Data excerpts
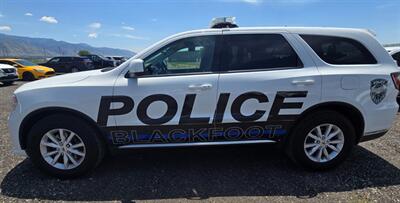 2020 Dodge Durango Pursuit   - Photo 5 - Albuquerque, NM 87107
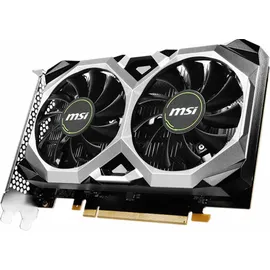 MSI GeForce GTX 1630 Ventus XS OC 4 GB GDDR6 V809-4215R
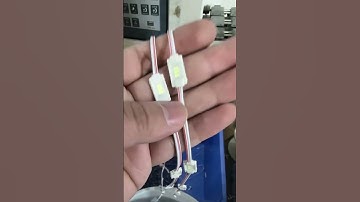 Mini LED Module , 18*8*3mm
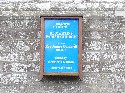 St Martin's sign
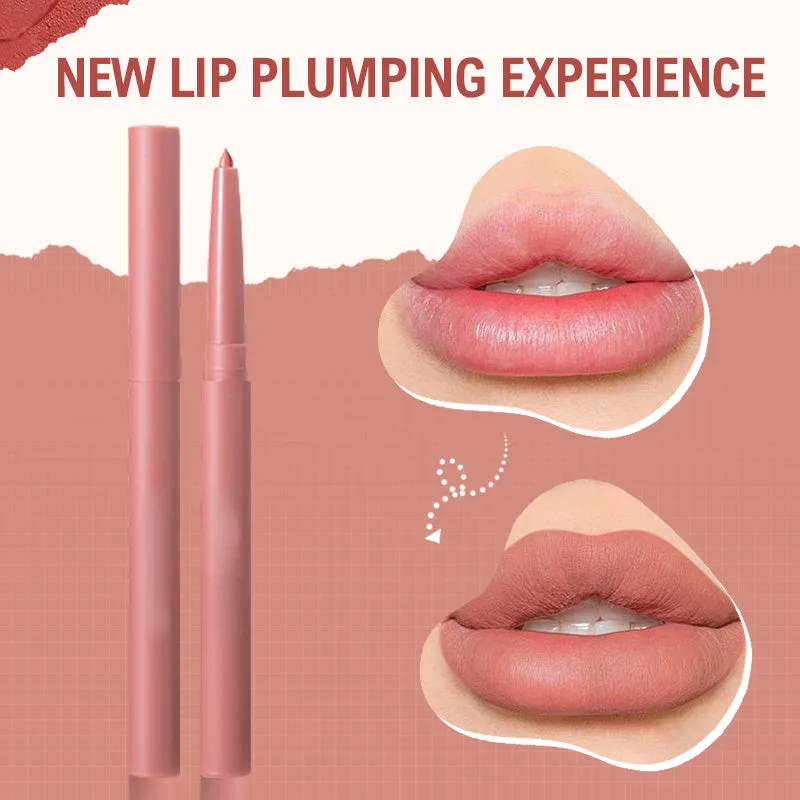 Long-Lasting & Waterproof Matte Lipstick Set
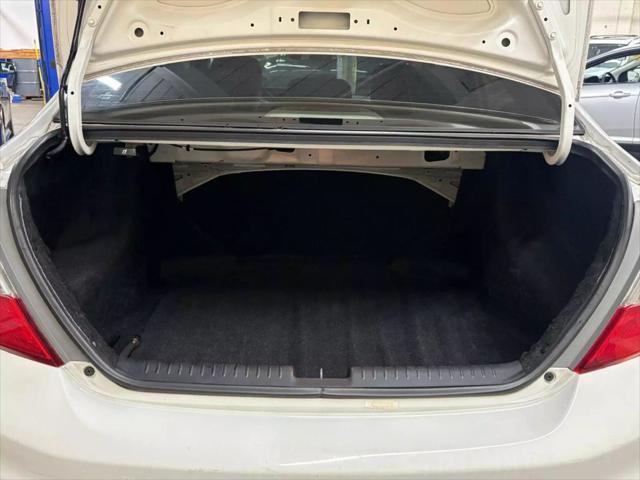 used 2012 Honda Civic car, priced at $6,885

About this task:
All lines from the one containing "St Martin's sign" through the end of the entries, both ends included, should be written out exactly, with no pictures.

Expected output:
 St Martin's sign
 Long-Lasting & Waterproof Matte Lipstick Set
 used 2012 Honda Civic car, priced at $6,885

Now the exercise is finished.